When you read a book, it’s nice to know why it was written. Some books are for entertainment; some are practical how-to manuals; others seek to change your mind on some issue.
The Bible is a collection of the 66 divinely-inspired books we need for knowing God and knowing how to live a life that pleases Him. There are particular reasons that each of the books was penned. Some books take a lot more “reading between the lines” than others to discern the exact purpose, but others come out and state their purpose in no uncertain terms. One such book is the Gospel of John.
He goes beyond any of the other gospel writers when presenting Jesus as the eternal Word and Creator from the outset, whereas the other gospels start with the time frame of the incarnation of the Son of God. John recorded signs, sayings, and doings of Jesus. By necessity, John had to be selective, stating that there would be no end to the books written, were all of Jesus’ deeds recorded (John 21:25)!
Toward the end of the book, in John 20:30-31 (NKJV), the human author states:
And truly Jesus did many other signs in the presence of His disciples, which are not written in this book; but these are written that you may believe that Jesus is the Christ, the Son of God, and that believing you may have life in His name.
When you understand the purpose of this Gospel is to persuade readers to trust Jesus and have life in His name, you have a framework for understanding everything else you read in the Gospel.

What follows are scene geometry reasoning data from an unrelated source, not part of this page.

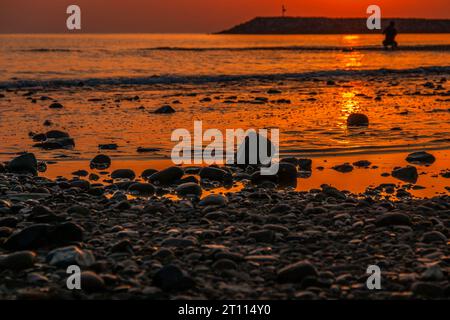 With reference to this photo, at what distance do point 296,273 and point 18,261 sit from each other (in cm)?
232

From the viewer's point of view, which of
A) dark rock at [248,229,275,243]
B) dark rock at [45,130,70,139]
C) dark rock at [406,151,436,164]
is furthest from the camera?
dark rock at [45,130,70,139]

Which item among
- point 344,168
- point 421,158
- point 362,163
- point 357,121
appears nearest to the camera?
point 344,168

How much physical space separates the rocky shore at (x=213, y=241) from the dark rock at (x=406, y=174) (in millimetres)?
1019

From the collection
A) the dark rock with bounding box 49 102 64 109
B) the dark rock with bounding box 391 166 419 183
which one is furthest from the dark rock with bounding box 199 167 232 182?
the dark rock with bounding box 49 102 64 109

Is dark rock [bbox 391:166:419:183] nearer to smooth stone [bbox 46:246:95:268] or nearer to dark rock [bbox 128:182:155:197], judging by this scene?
dark rock [bbox 128:182:155:197]

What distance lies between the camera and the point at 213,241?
673 centimetres

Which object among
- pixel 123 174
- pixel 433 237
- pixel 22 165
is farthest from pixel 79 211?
pixel 433 237

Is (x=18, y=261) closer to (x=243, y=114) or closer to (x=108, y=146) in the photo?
(x=108, y=146)

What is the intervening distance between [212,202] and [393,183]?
282 centimetres

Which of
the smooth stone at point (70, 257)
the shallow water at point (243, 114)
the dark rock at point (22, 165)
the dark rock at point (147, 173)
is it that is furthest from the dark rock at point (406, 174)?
the smooth stone at point (70, 257)

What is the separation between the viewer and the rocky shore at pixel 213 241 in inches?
214

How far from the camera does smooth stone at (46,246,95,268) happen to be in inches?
234

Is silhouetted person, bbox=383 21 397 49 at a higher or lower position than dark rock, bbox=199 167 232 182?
higher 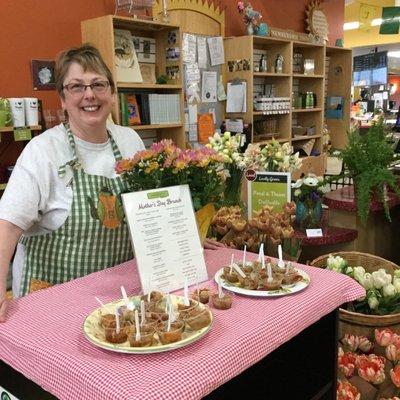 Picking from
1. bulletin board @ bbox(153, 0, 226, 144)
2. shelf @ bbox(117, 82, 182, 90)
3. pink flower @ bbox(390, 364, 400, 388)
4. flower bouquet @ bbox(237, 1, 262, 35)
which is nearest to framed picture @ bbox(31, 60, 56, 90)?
shelf @ bbox(117, 82, 182, 90)

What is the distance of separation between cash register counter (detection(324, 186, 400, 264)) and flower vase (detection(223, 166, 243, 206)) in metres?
0.82

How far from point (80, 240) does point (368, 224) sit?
1963mm

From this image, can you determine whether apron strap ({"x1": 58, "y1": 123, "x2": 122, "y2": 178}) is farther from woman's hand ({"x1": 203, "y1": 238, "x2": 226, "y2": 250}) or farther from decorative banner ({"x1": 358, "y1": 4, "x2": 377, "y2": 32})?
decorative banner ({"x1": 358, "y1": 4, "x2": 377, "y2": 32})

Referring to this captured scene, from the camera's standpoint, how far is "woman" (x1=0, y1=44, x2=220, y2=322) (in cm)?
152

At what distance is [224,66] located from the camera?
207 inches

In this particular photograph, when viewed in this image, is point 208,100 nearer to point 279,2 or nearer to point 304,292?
point 279,2

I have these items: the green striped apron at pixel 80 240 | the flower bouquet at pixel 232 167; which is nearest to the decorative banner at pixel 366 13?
the flower bouquet at pixel 232 167

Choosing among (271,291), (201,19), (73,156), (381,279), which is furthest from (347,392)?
(201,19)

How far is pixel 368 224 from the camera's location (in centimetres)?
Result: 292

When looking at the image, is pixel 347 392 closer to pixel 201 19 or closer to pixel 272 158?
pixel 272 158

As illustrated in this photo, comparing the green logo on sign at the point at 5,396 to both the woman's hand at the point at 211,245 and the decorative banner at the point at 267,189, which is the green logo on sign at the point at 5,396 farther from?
the decorative banner at the point at 267,189

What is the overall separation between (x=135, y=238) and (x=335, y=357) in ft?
2.40

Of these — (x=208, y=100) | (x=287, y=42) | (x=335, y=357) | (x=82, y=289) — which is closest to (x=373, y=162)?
(x=335, y=357)

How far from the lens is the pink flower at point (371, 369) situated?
5.65ft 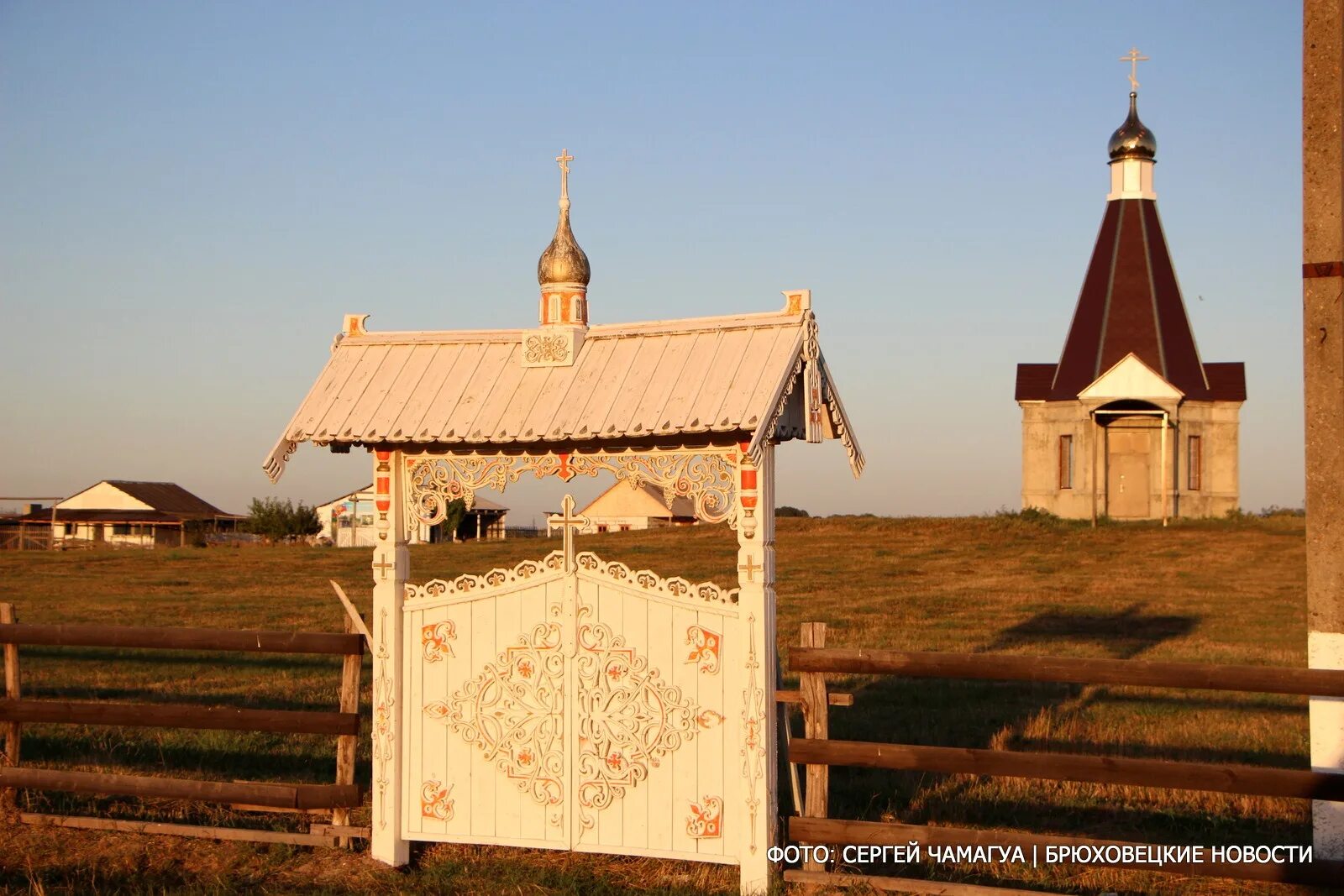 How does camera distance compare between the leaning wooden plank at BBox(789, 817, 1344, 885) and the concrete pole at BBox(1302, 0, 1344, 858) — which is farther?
the concrete pole at BBox(1302, 0, 1344, 858)

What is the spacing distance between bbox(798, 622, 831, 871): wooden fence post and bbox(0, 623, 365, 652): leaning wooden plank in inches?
125

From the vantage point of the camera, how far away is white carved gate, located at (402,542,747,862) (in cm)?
897

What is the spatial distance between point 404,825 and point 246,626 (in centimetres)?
1477

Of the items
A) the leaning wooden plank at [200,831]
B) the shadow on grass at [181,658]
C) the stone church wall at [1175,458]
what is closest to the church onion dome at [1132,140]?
the stone church wall at [1175,458]

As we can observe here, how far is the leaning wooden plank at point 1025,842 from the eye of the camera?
8.02 m

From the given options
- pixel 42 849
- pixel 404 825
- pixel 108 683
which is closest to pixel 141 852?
pixel 42 849

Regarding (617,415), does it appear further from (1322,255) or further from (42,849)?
(42,849)

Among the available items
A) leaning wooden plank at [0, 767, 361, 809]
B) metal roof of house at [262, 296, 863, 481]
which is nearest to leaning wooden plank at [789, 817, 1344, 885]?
metal roof of house at [262, 296, 863, 481]

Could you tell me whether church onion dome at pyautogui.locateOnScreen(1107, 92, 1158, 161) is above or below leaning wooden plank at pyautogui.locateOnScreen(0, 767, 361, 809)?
above

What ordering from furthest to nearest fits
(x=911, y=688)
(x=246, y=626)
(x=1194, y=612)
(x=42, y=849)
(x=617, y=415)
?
(x=1194, y=612) < (x=246, y=626) < (x=911, y=688) < (x=42, y=849) < (x=617, y=415)

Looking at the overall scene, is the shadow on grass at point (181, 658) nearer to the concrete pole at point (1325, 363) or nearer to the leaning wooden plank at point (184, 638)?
the leaning wooden plank at point (184, 638)

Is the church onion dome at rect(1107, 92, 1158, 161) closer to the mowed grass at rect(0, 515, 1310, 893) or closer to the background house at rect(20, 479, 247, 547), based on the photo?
the mowed grass at rect(0, 515, 1310, 893)

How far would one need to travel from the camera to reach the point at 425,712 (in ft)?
31.6

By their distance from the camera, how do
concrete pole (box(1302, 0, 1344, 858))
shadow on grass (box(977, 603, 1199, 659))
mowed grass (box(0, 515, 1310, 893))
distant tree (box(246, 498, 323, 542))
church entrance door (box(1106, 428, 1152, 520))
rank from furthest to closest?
distant tree (box(246, 498, 323, 542)) < church entrance door (box(1106, 428, 1152, 520)) < shadow on grass (box(977, 603, 1199, 659)) < mowed grass (box(0, 515, 1310, 893)) < concrete pole (box(1302, 0, 1344, 858)) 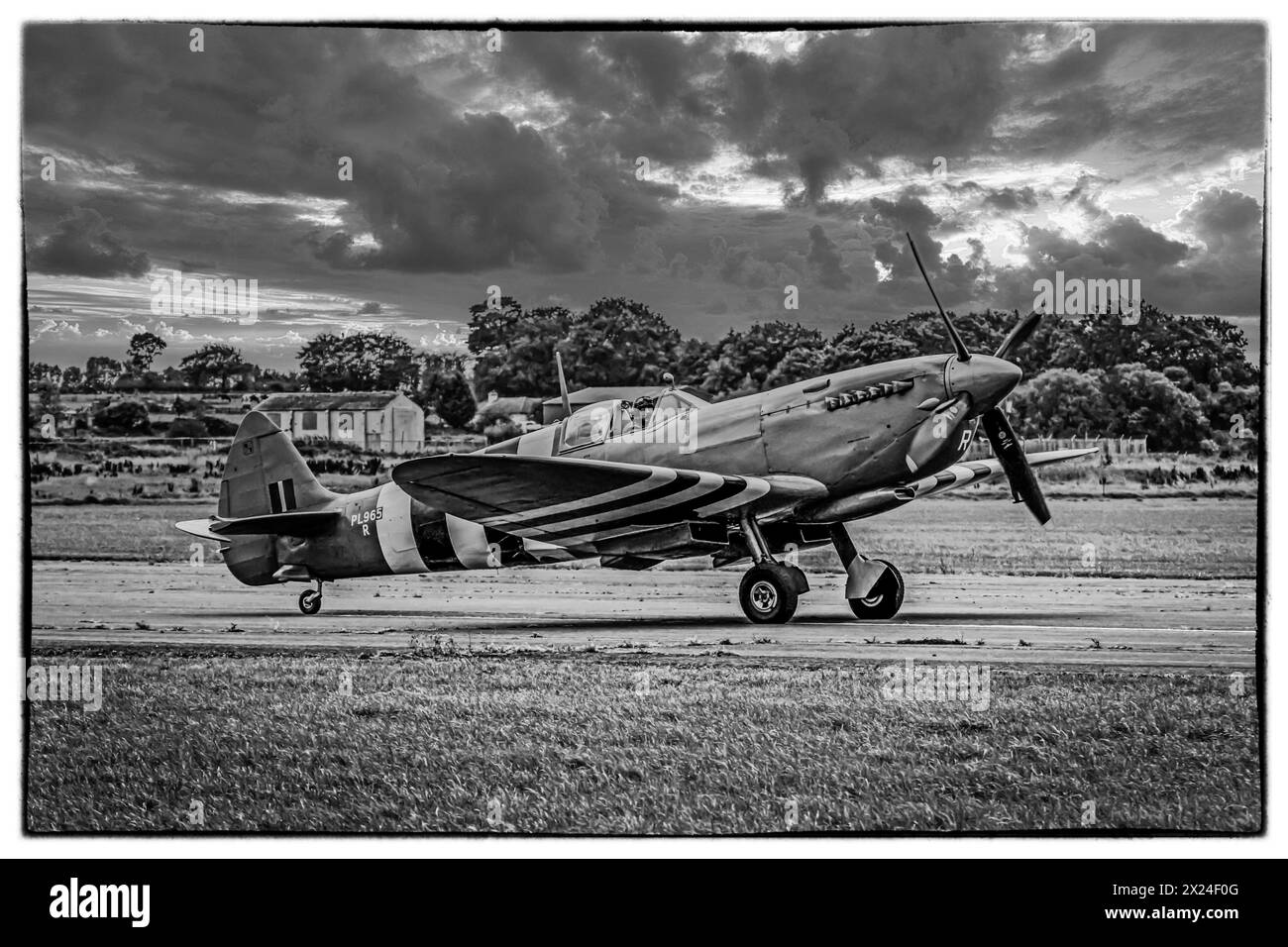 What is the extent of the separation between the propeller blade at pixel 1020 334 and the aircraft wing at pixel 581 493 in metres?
1.85

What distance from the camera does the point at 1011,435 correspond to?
32.2 ft

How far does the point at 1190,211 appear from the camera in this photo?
970 cm

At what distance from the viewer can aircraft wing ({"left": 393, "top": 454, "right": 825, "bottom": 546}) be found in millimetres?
9250

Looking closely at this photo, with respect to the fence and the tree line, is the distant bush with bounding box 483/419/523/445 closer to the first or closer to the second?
the tree line

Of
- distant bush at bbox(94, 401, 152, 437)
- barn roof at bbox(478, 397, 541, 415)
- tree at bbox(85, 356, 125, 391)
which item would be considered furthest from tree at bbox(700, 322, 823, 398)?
tree at bbox(85, 356, 125, 391)

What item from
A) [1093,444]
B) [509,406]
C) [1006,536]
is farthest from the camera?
[1006,536]

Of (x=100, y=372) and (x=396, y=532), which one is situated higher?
(x=100, y=372)

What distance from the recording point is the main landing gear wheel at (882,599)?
10.2 meters

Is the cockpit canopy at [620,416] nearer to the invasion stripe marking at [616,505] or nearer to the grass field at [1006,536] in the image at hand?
the invasion stripe marking at [616,505]

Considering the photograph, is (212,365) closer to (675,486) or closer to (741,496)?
(675,486)

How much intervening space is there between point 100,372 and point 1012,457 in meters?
7.99

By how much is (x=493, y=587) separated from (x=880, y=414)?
4265 millimetres

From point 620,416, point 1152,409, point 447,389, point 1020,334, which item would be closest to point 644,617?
point 620,416

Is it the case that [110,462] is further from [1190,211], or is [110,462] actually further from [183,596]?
[1190,211] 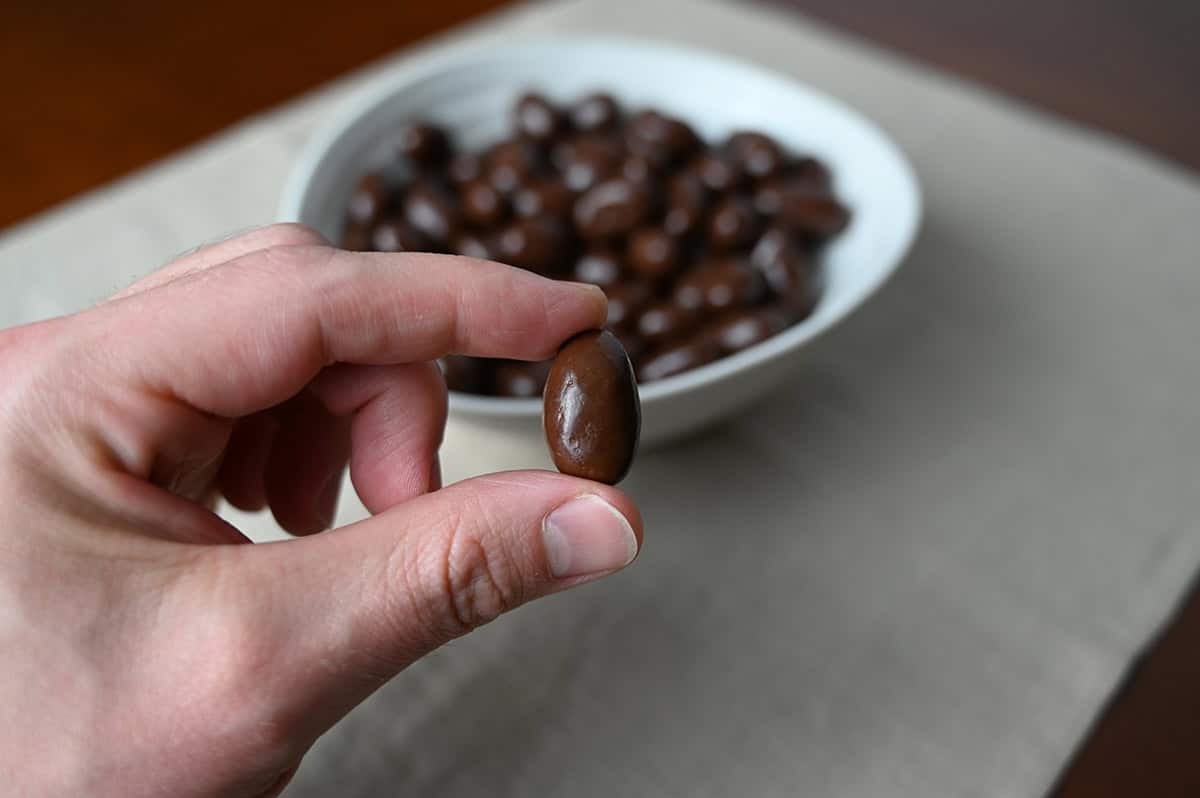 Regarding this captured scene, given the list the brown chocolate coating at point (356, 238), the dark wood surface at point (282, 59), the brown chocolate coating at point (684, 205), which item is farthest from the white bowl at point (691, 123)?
the dark wood surface at point (282, 59)

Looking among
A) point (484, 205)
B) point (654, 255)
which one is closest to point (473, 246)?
point (484, 205)

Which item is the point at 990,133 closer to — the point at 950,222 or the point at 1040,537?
the point at 950,222

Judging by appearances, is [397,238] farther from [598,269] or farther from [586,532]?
[586,532]

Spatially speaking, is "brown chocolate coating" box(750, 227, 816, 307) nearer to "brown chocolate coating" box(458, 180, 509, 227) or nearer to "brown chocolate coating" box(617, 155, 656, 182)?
"brown chocolate coating" box(617, 155, 656, 182)

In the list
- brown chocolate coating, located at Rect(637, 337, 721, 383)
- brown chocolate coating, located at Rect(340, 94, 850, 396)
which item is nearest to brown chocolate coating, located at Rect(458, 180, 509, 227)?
brown chocolate coating, located at Rect(340, 94, 850, 396)

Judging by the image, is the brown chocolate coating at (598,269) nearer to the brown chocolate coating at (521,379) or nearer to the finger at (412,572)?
the brown chocolate coating at (521,379) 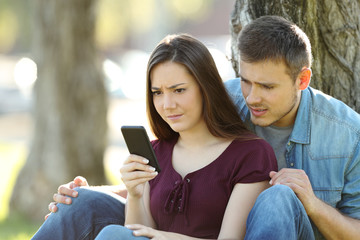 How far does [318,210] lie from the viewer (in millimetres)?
2982

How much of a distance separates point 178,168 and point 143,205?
11.1 inches

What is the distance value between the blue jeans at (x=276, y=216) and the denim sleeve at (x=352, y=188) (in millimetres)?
468

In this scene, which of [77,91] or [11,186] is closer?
[77,91]

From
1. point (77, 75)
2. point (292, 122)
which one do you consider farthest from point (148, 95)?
point (77, 75)

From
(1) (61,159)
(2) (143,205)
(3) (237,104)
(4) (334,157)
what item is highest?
(3) (237,104)

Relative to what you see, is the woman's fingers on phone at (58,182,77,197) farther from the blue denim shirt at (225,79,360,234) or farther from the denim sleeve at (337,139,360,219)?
the denim sleeve at (337,139,360,219)

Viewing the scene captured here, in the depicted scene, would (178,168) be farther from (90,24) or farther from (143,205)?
(90,24)

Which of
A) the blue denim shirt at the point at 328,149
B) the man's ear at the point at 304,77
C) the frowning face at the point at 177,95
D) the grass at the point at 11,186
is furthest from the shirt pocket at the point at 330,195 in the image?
the grass at the point at 11,186

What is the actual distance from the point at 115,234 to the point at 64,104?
5.46 meters

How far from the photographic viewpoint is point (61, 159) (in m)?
8.09

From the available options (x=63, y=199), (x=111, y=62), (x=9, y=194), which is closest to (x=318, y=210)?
(x=63, y=199)

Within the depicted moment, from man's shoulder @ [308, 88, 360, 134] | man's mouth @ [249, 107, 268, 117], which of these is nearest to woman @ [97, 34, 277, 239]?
man's mouth @ [249, 107, 268, 117]

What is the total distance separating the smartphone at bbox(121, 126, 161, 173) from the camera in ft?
10.1

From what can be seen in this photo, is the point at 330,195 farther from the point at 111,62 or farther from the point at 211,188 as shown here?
the point at 111,62
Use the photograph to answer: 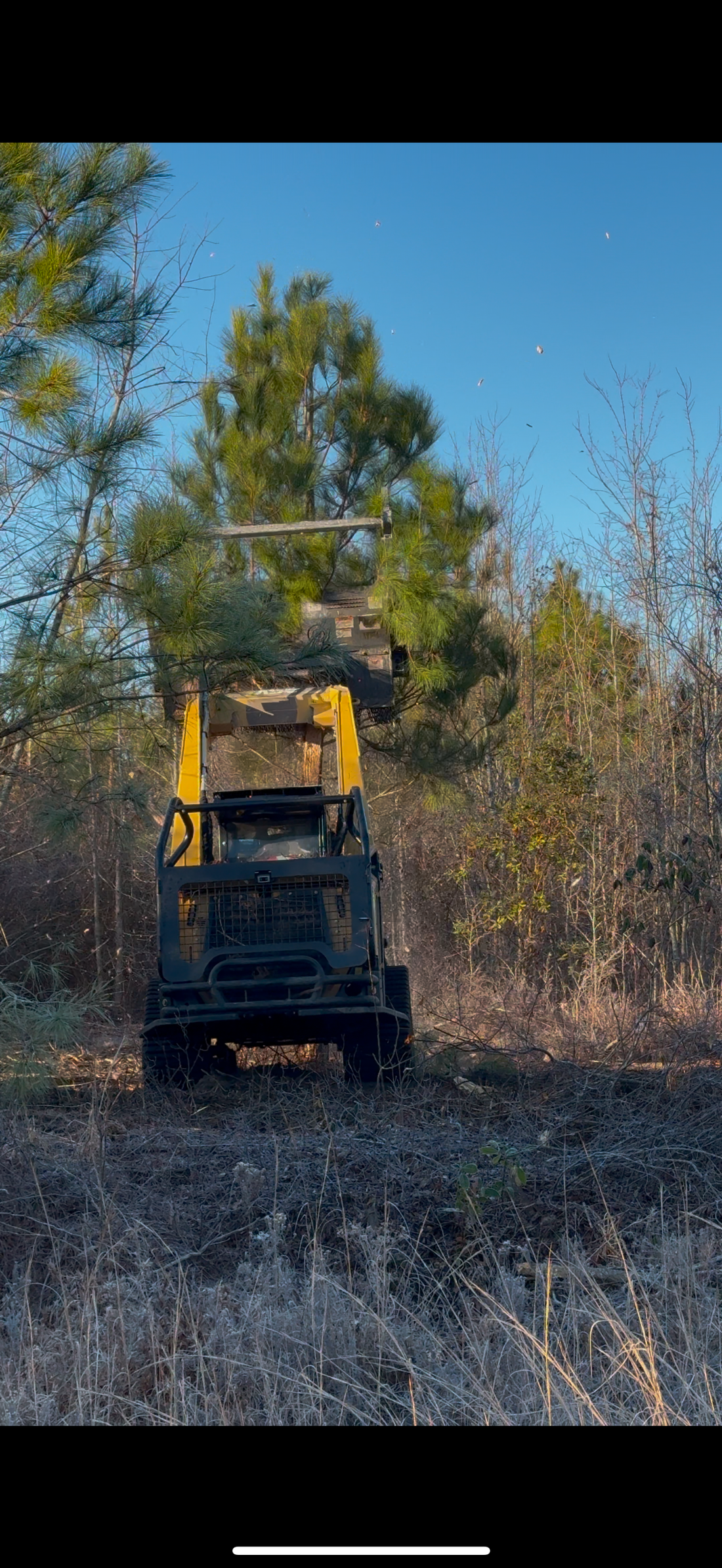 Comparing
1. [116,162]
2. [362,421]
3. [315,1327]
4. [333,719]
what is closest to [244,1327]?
[315,1327]

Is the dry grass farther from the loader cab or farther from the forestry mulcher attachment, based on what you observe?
the loader cab

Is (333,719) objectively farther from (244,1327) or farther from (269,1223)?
(244,1327)

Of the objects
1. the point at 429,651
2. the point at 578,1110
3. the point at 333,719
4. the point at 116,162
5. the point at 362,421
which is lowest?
the point at 578,1110

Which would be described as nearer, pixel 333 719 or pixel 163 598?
pixel 163 598

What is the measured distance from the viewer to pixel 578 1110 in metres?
6.23

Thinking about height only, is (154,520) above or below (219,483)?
below

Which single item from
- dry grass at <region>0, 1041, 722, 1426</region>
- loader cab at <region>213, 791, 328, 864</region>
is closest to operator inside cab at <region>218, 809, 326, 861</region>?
loader cab at <region>213, 791, 328, 864</region>

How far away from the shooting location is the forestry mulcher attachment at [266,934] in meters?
7.44

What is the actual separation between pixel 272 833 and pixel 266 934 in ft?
3.09

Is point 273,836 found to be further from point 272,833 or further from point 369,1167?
point 369,1167

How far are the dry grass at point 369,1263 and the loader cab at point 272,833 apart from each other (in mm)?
1886

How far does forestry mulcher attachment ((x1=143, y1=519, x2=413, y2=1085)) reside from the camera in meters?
7.44

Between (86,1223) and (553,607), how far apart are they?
11665 mm

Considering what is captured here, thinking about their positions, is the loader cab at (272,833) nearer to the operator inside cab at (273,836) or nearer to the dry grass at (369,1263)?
the operator inside cab at (273,836)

From learning of the Son of God’s eternal existence in chapters 1 and 17, to His creative power manifested in His incarnation when He turned the water into wine in chapter 2, to the “I am” sayings (Bread of life, Light of the world, etc.), to finding that Moses wrote of Him (chapter 5), and many other examples, we learn about the Person of Jesus. He truly is the Christ, the Messiah, the Promised Savior, the Son of God.
We also see the importance of believing in Jesus, from calling His first disciples (chapter 1), to His instruction to Nicodemus (chapter 3), to the ministry to the woman at the well (chapter 4), to the negative example of those who reject Him (chapter 8), to His own disciple, Thomas (chapter 20).
Don’t underestimate the importance of finding the purpose of the book you are reading. Apart from it, you will miss the significance of much of the book. With it, you will find connections and treasures that help you see even more of its life-changing truth. And there’s nothing more life-changing than having life through trusting Jesus, as you come to understand Who He is.